The product allows two people to converse in any two of over 40 languages. In video demos released by Microsoft, the translation appears to be as fast and accurate as a trained human intermediary. The technology is based on the voice-to-text or speech recognition engine that drives Microsoft's Cortana. Cortana is the new virtual personal assistant built into Windows Phone 8.1 and will be released to the general public sometime this summer. Microsoft plans to release Skype with translation technology by the end of 2014.
I can't get my hands on the next version of Skype yet, but as a software developer I do have access to the next best thing - the developer release of Cortana. I've been playing with this updated speech recognition technology for several weeks and I can tell you that it is nothing short of amazing. I've always been an enthusiast of natural language interaction with computers. Geeks aged 35 and older probably remember watching the crew of the Enterprise interact with the computer like it was a virtual crew member. Well, that was supposed to be a couple hundred years in the future.
Just last year I did a project that involved voice-to-text transcription services. We tried out several market leading technologies. Some were better than others, but none was capable of near 100% recognition. I told our client that we might be 10 years from meaningful advances. I was right and I was wrong. The massive improvement from the Windows Phone 8 to 8.1 technology is not incremental. It represents a total paradigm shift in the way researchers are approaching the problem of speech recognition. I won't bore you with all the technobabble details, but this new approach, called deep learning, is being applied to lots of computer science problems. This is the real story. It means that in the next few years you can expect surprisingly rapid acceleration and innovation in the high-tech world.

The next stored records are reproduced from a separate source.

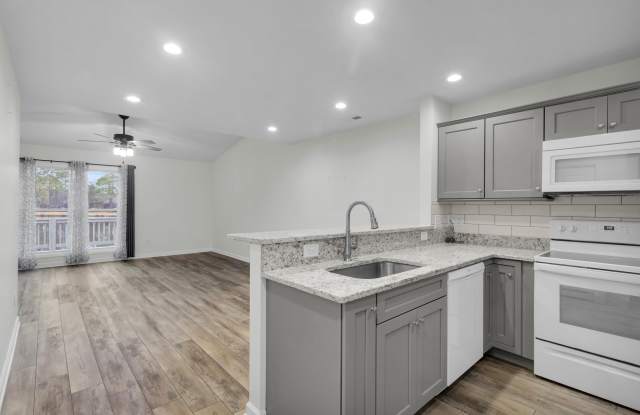 7212 Windward Drive - 1 Gallery 2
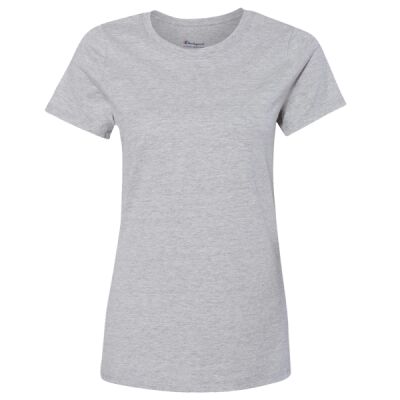 Women's Premium Fashion Classics Short Sleeve T-Shirt Thumbnail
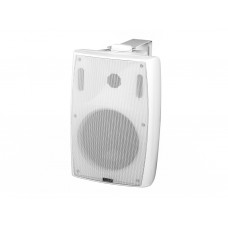 DS-581K-WHITE Громкоговоритель настенный, 50Вт, TADS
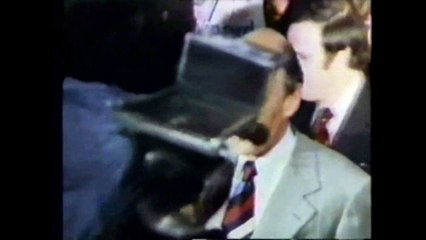 Getting to know the tactics of the Liberals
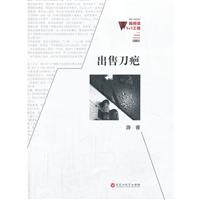 ۵-΢x1+1-һ݋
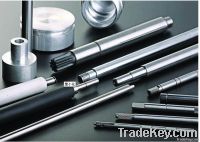 https://cn.tradekey.com/product_view/304-Stainless-Steel-Auto-Insert-Parts-3593702.html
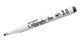 Calligraphy Pen Set | 1.0mm, 2.0mm, 3.0mm, 4.0mm Tips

What does that mean for you? Better phones, more engaging games and entertainment, and devices we haven't even dreamed of. Microsoft already had great language translation tech. They already had great text-to-speech tech. All they did was add the first truly great voice-to-text tech to that mix and POW, a new product straight from the world of science fiction. We might still be a few hundred years from the first warp engine and first contact, but we'll be ready thanks to the brilliant engineers at Microsoft Research.